Last week, FRAMEwork partner Fundación Artemisan had the opportunity to share the tangible impacts of their long-running work on cover crops with an audience of public workers and technicians from sustainability and environmental delegations.
On 10th October, the LIFE Iberconejo project held an event, “Prevention of Rabbit Damage in Agriculture” at the Centro IFAPA Alameda del Obispo in collaboration with the Royal Spanish Hunting Federation and Andalusian Hunting Federation.
Artemisan researcher Gonzalo Varas Romero filled us in on the event:
“The meeting was very interesting. Different people showed the main problems related to the overabundance of rabbits and the different solutions. Cristóbal´s point of view, who has experienced as a farmer before the problem, during and now, was very interesting for everyone. He showed how the cover vegetations implemented in the Framework project had reduced or eliminated the problem. It is important to highlight the connections between different European projects to solve biodiversity problems in Europe.”
Gonzalo is the facilitator of FRAMEwork's Cazadores de Aguilar Farmer Cluster in which Cristobal is the lead farmer.
LIFE Iberconejo is a consortium of Spanish and Portuguese entities working to establish a system for managing rabbit populations in the Iberian Peninsula, where they are a key species for the local ecosystem.
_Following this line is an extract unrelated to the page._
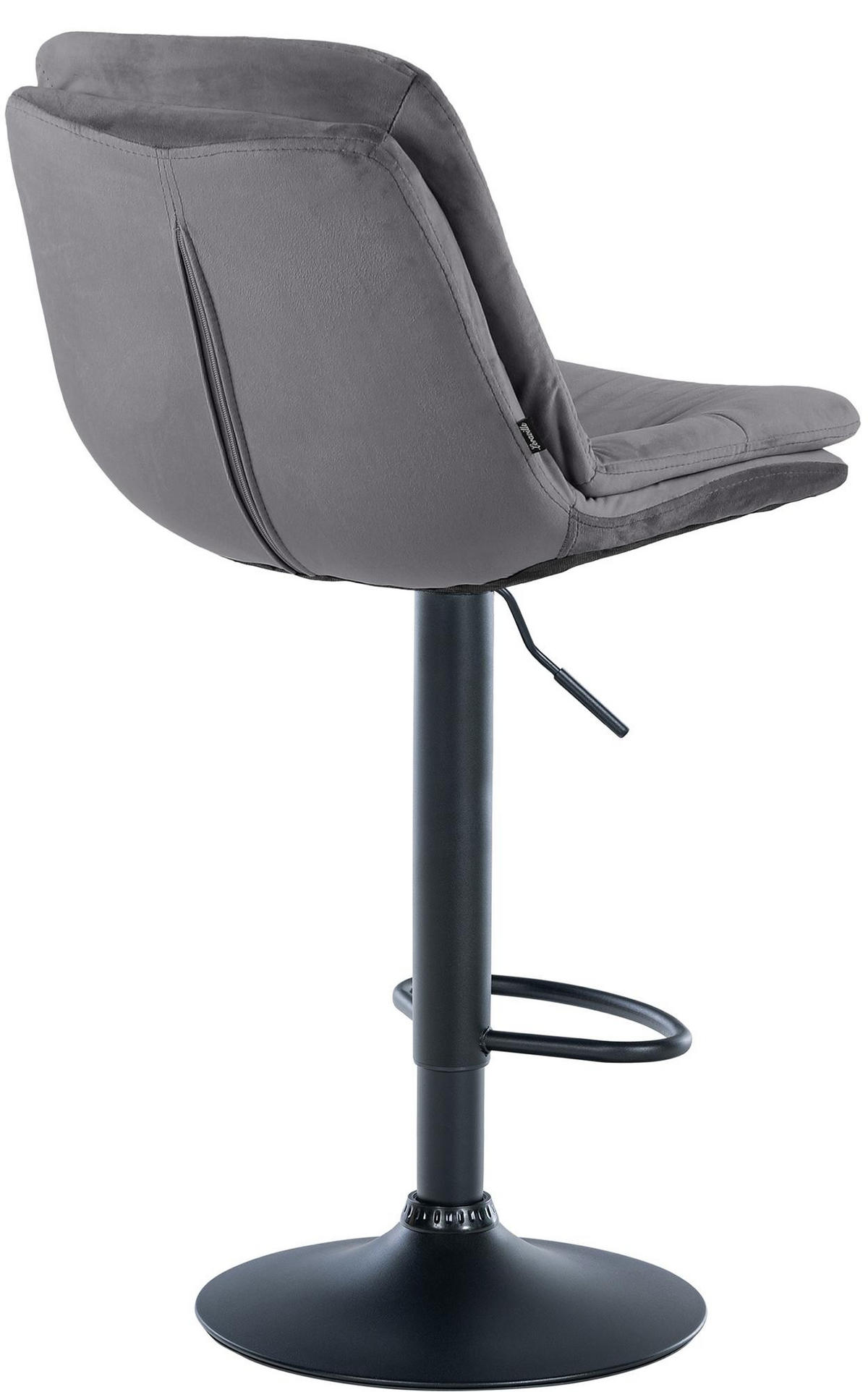 BARHOCKER Samt dunkelgrau - Dunkelgrau/Schwarz, Textil (46/94/54cm) - CLP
Co-financed by the European Commission’s LIFE programme, the project seeks to improve the state of rabbit populations in the region and, at the same time, reduce and even prevent the damage rabbits cause to agriculture.
Hunting organisations and environmental groups are important collaborators in Andalusia, and our colleagues at Artemisan are instrumental in this regional dynamic. Their FRAMEwork-funded research into sustainable hunting management to protect biodiversity has engaged politicians and policy-makers, affecting real change. Artemisan’s relationship with LIFE Iberconejo, who use their data analysis of regional rabbit populations in their databases, is another example of impactful landscape-scale collaboration.
At the event, representatives of Artemisan presented the FRAMEwork project alongside Cristóbal Reina, a farmer and former president of the Aguilar de la Frontera hunting reserve. They shared their success in implementing cover crops to significantly reduce damage caused by rabbits to olive and vineyard crops.
Artemisan will participate in another event with LIFE Iberconejo later this month, discussing the conservation of the mountain rabbit.